Planting for success:
I often see new plants suffocated by the heavy soils around them and being over-watered by the existing overhead spray or drip system. To make sure drainage and soil pore space is sufficient for the new tree to establish, proper planting is key.
Be sure to plant with the roots ball at or slightly above surrounding grade and make sure the hole is 3X as wide as the root ball. If you have heavy clay soils, they should be amended with a lighter material to promote good drainage. I like to amend the soil from the hole by mixing in up to 50% “Gromulch” or 20% “Perlite.” The roots will have to grow into the surrounding soil eventually, but this gives them a good head start and reduces root competition when establishing.
I don’t recommend putting any fertilizer in your planting hole. Up to 20% of well-rotted organic compost or a handful of worm castings is OK for hungry plants like roses. 😊
When planting trees, they must also be properly staked. Unless you have a camphor or persimmon (brittle wooded), remove the bamboo/wooden nursery stake first. Print and out use these excellent tree planting specs from the City of Fremont: https://www.fremont.gov/2722/Planting
Creating the watering basin
The watering basin is the area around the tree where you are going to 1) Mulch 2) Water and 3) Weed around your new plant. It is established with a soil berm around the perimeter of your planting hole, which will act as a natural funnel for deep watering.
Mulch: Apply four inches (4”) of wood chips to insulate the soil and prevent weeds. Layer should be even like a pancake. Do not pile it against the trunk. Proper mulching is very important!
How much to water:
For perennials and shrubs: Water your plant to soak the root ball every day for the first week. Then, 1-gallon of water per # of container size 3X per week for the first 4 – 6 weeks until established AND until the hottest part of the summer has passed. (Example: 1 gallon for a 1-gallon size, 5 gallons for 5-gallon size.) Then reduce frequency to once per week to provide a deep soaking in lieu of heavy rain in the cool season. For the plant’s second Spring, California natives may not need any water, or just once per month to keep them looking good. Plants that like regular water should be watered once or twice per week and allowed to dry-down a bit in-between. Make sure to adjust out the location of emitters to the edge of the plant as it grows.

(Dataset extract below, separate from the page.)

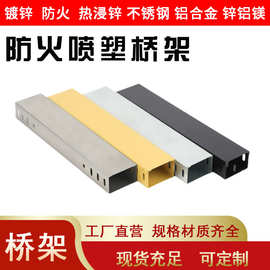 防火喷塑桥架防静电耐腐蚀室内室外专用热浸镀锌金属防火桥架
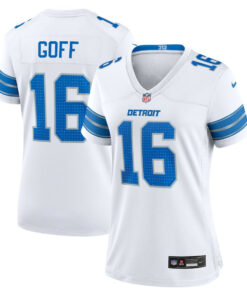 Jared Goff 16 Detroit Lions Women Game Jersey - White JS9533 nicesnker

For 15-gallon tree: 5 gallons H20 3 X per week for the first 6 - 12 months. Then water 10 – 15 gallons once per week until the tree the tree is established, usually 1 - 3 years after planting.
For 24-inch-box trees: 20 gallons H20 2 X per week for the first 12 months. Then water 30 – 40 gallons once per week until the tree the tree is established, usually 3- 5 years after planting.
You know the tree is established when the root ball no longer wobbles in the ground when shaking the trunk. Support stakes can be removed at this time. After the tree is established, you can stop watering during the rainy season. For natives, you can taper off water all together. Always water you tree during drought years during the season appropriate for them.
How to water Trees:
My favorite way to water trees is with buckets 😊.
Since few people choose to go this route, I recommend you irrigate with two designated, pressure-regulated “tree bubblers.” These can be run off a conventional or drip system. They should be installed over the root ball and inside the soil berm.